Provided material Block Start

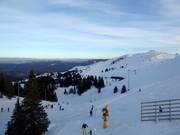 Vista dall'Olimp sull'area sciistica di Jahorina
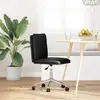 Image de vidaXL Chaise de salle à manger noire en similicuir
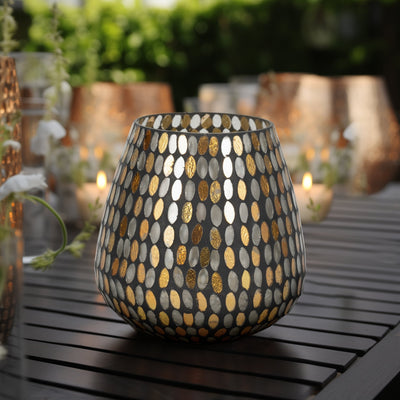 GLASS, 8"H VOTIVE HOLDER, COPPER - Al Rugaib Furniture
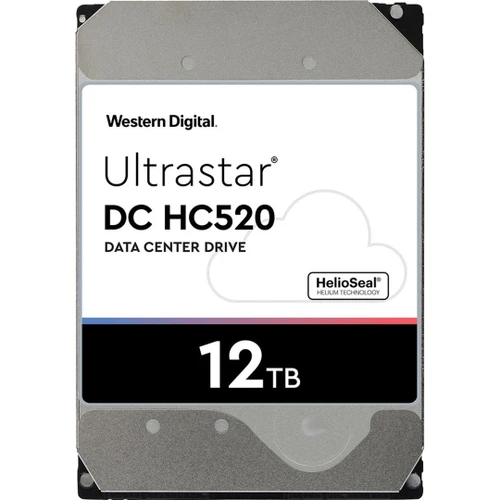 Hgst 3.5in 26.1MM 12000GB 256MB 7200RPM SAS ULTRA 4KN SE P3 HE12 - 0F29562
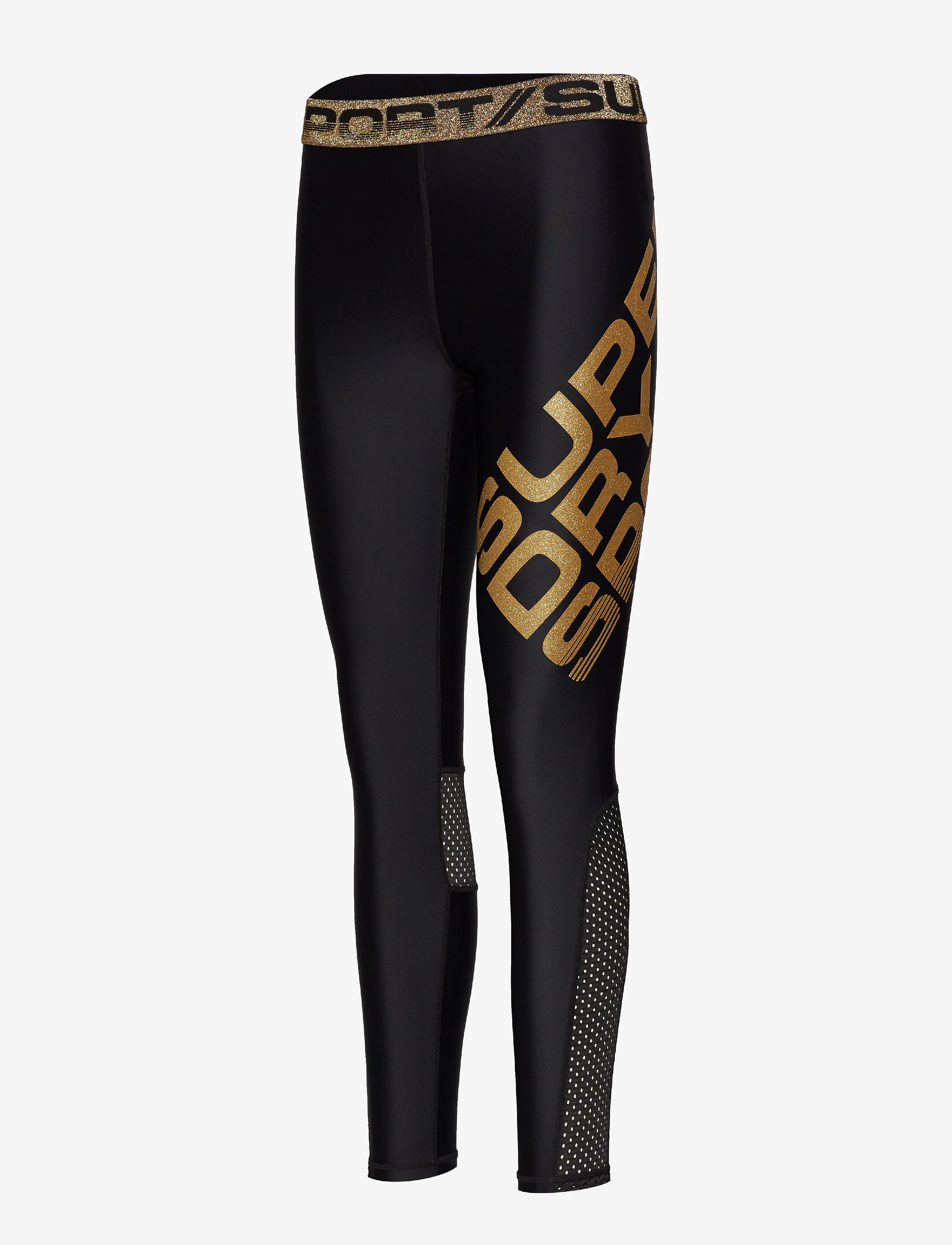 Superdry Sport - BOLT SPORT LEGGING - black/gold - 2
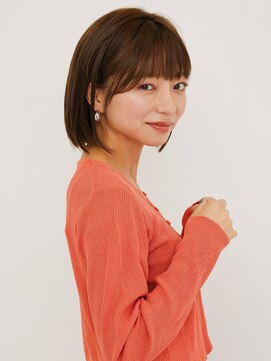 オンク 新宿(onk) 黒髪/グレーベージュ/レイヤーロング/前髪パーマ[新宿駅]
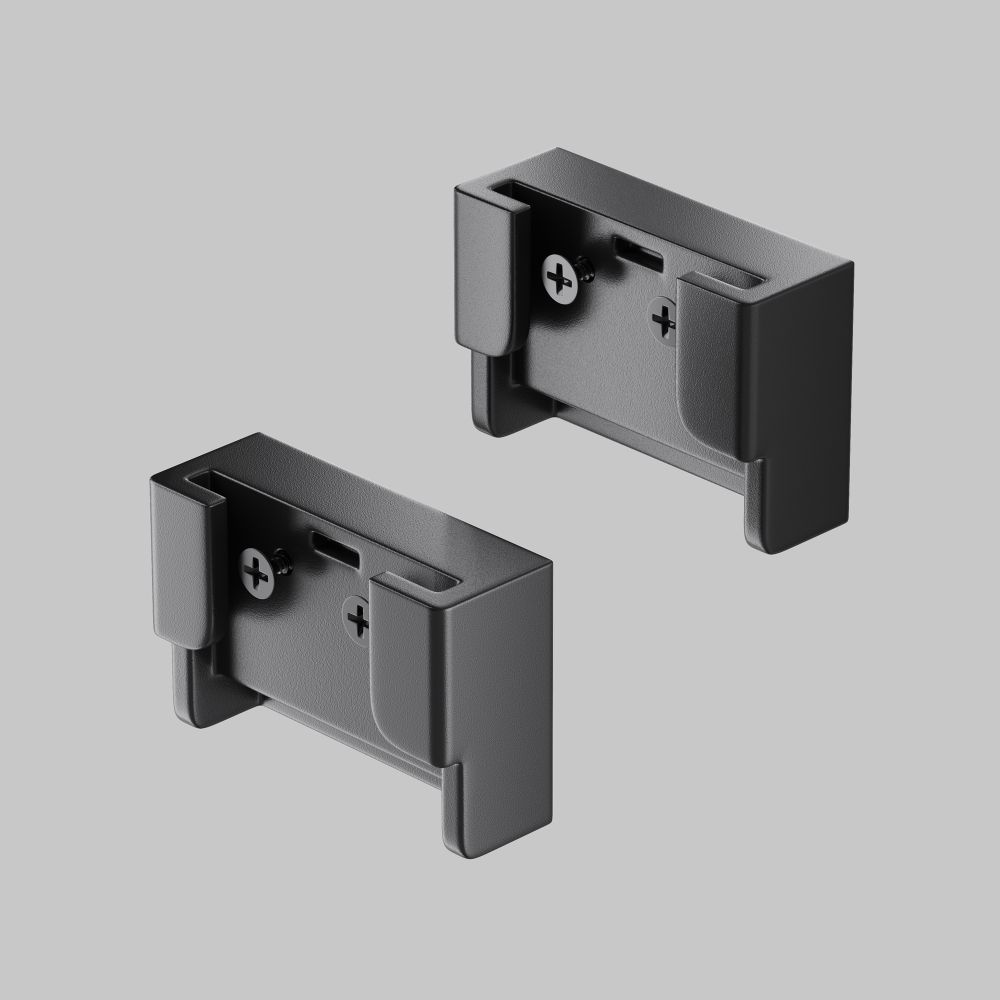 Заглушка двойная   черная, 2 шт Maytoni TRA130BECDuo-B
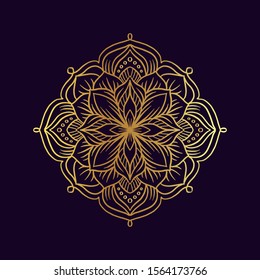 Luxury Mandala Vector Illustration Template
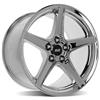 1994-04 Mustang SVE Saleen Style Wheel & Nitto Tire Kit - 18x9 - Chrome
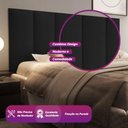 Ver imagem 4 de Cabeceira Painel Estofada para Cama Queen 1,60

Provided material Block End
Provided material Block Start

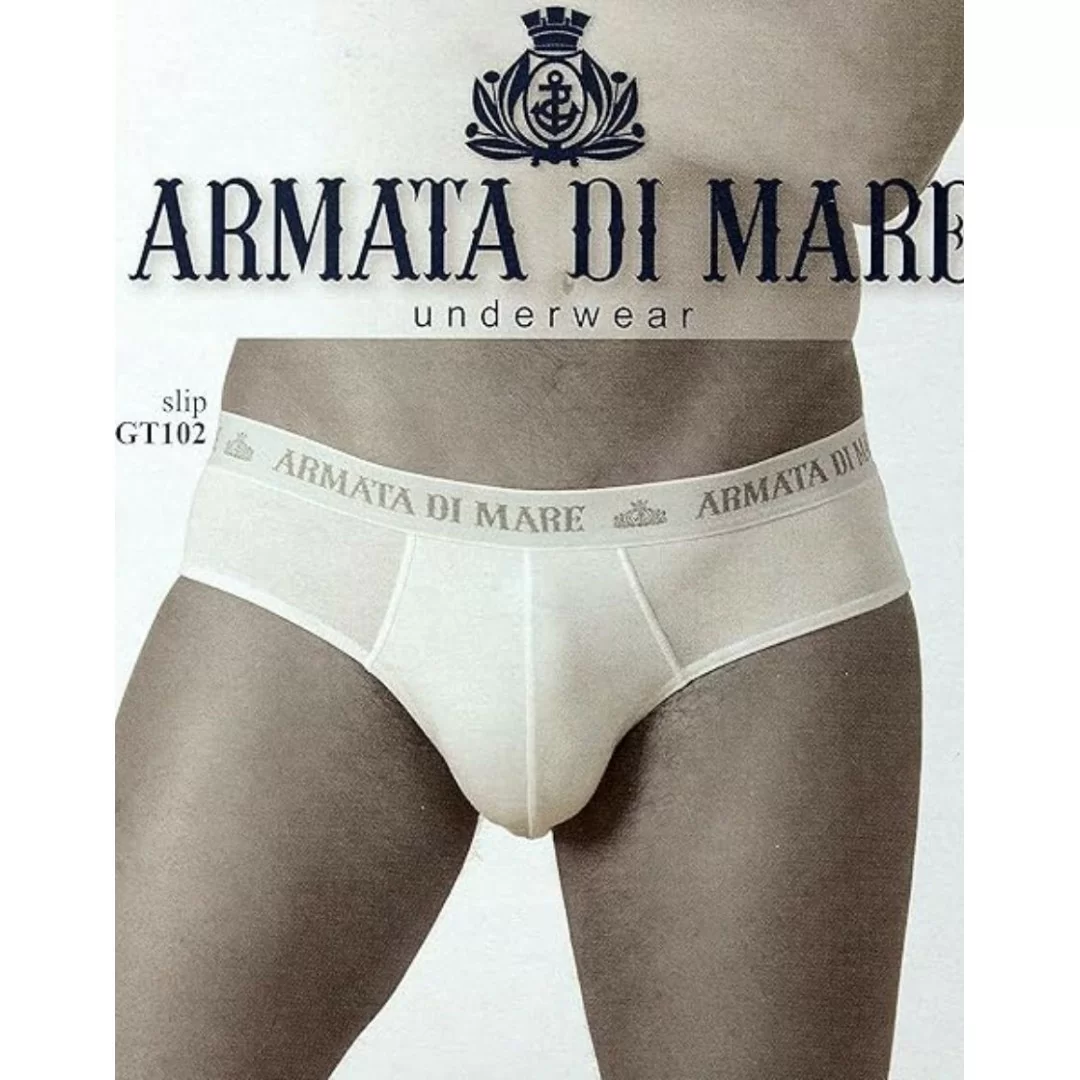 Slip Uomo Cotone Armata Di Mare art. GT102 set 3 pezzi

Provided material Block End

→ Work to complete: From the line with "шт Maytoni TRA130BECDuo-B" up to and including the line with "Ver imagem 4" above, retype every line exactly and nothing more; leave out the pictures.

→ Task answer:
 Заглушка двойная   черная, 2 шт Maytoni TRA130BECDuo-B
 Luxury Mandala Vector Illustration Template
 1994-04 Mustang SVE Saleen Style Wheel & Nitto Tire Kit - 18x9 - Chrome
 Ver imagem 4 de Cabeceira Painel Estofada para Cama Queen 1,60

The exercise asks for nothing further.